### MATERIAL FOR THE TASK:

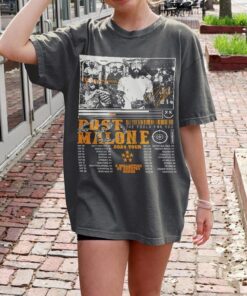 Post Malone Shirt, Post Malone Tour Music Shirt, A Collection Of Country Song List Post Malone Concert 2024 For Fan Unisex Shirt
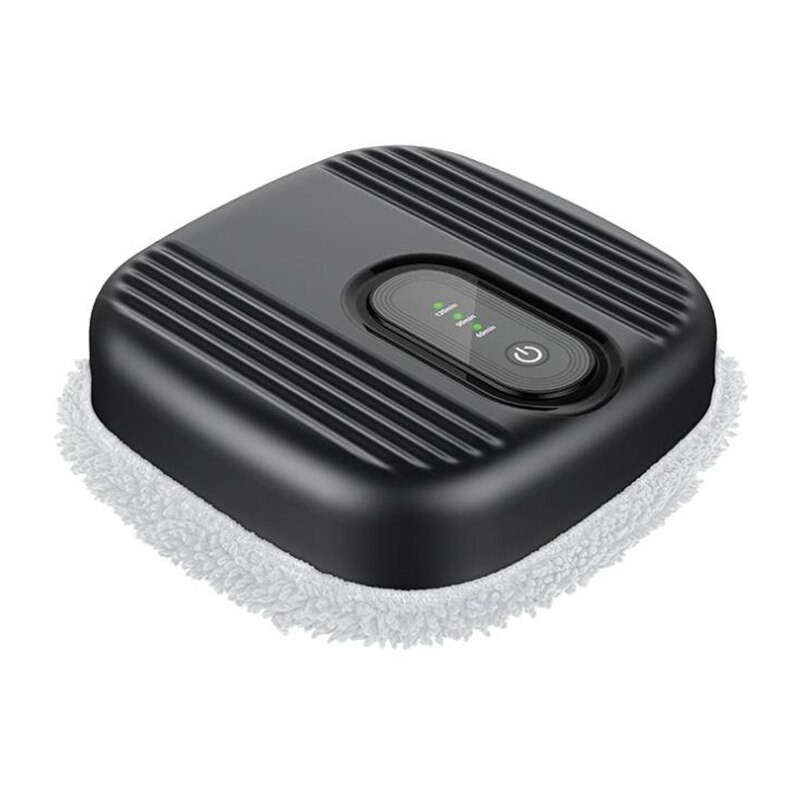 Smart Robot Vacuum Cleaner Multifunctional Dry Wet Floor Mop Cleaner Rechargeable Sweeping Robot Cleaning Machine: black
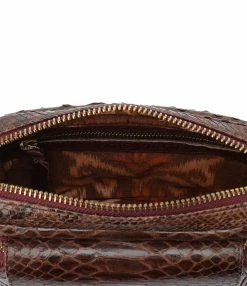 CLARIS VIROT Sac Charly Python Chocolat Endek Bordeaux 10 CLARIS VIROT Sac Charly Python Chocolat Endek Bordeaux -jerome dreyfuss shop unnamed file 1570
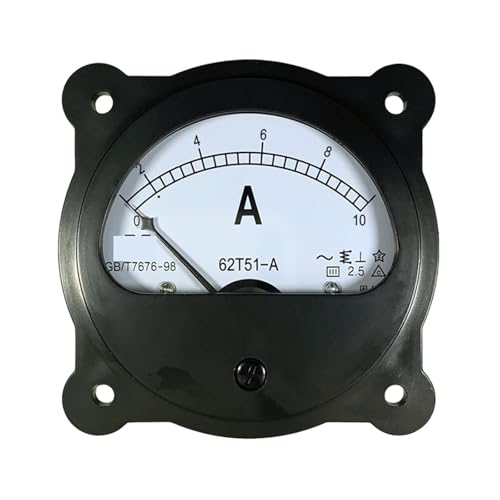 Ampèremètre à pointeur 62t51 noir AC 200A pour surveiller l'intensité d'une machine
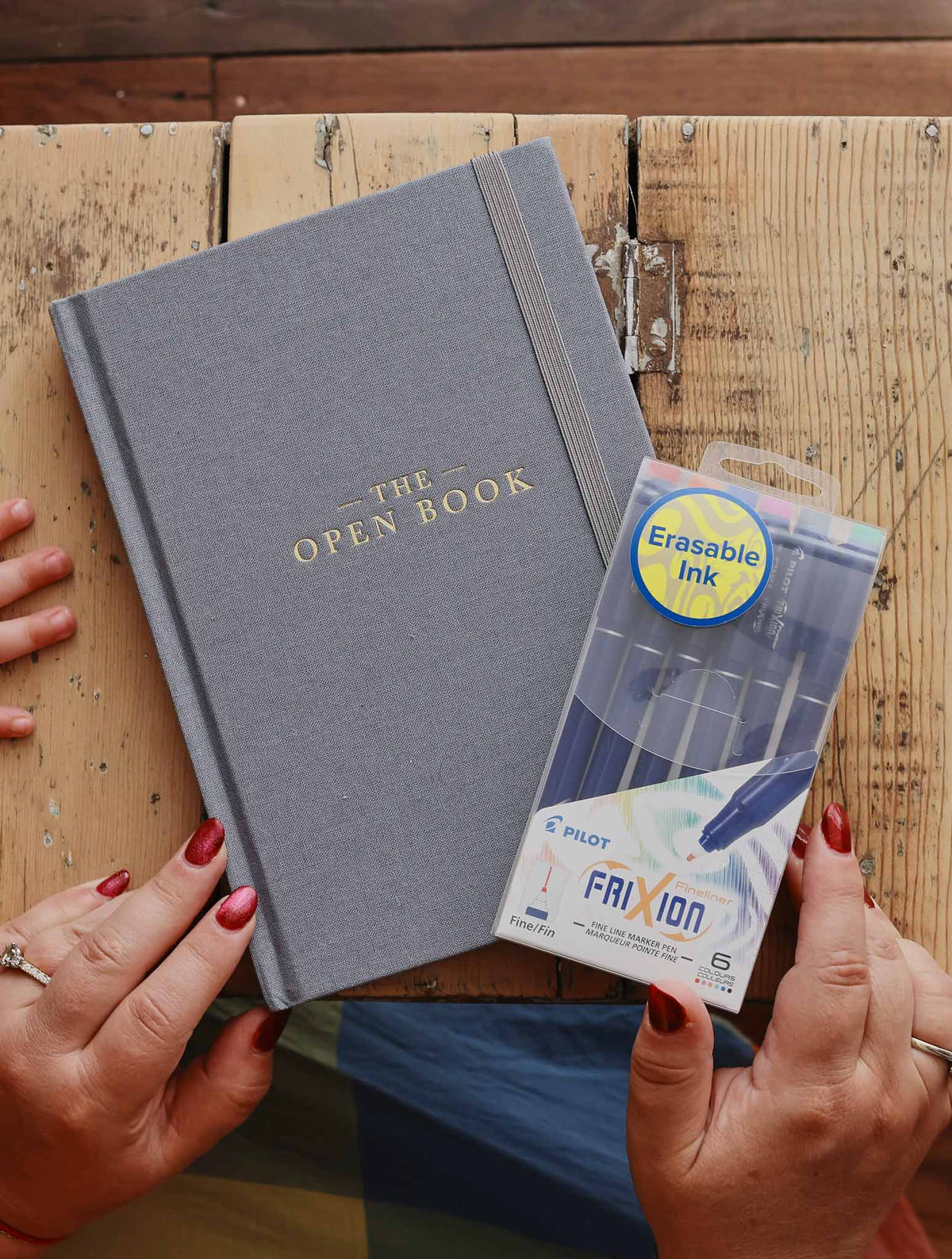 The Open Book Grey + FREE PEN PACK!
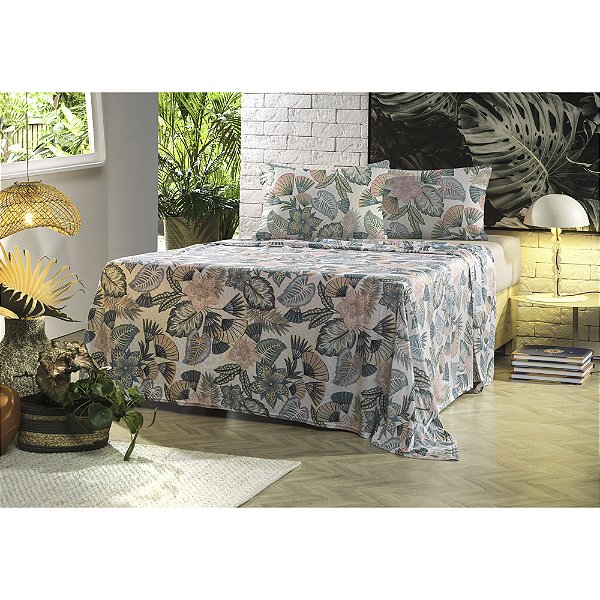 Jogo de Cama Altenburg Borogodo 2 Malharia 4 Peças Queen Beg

### TASK PROMPT:
Images are to be left out; everything else in the material must be written out exactly.

### RESULT:
 Post Malone Shirt, Post Malone Tour Music Shirt, A Collection Of Country Song List Post Malone Concert 2024 For Fan Unisex Shirt
 Smart Robot Vacuum Cleaner Multifunctional Dry Wet Floor Mop Cleaner Rechargeable Sweeping Robot Cleaning Machine: black
 CLARIS VIROT Sac Charly Python Chocolat Endek Bordeaux 10 CLARIS VIROT Sac Charly Python Chocolat Endek Bordeaux -jerome dreyfuss shop unnamed file 1570
 Ampèremètre à pointeur 62t51 noir AC 200A pour surveiller l'intensité d'une machine
 The Open Book Grey + FREE PEN PACK!
 Jogo de Cama Altenburg Borogodo 2 Malharia 4 Peças Queen Beg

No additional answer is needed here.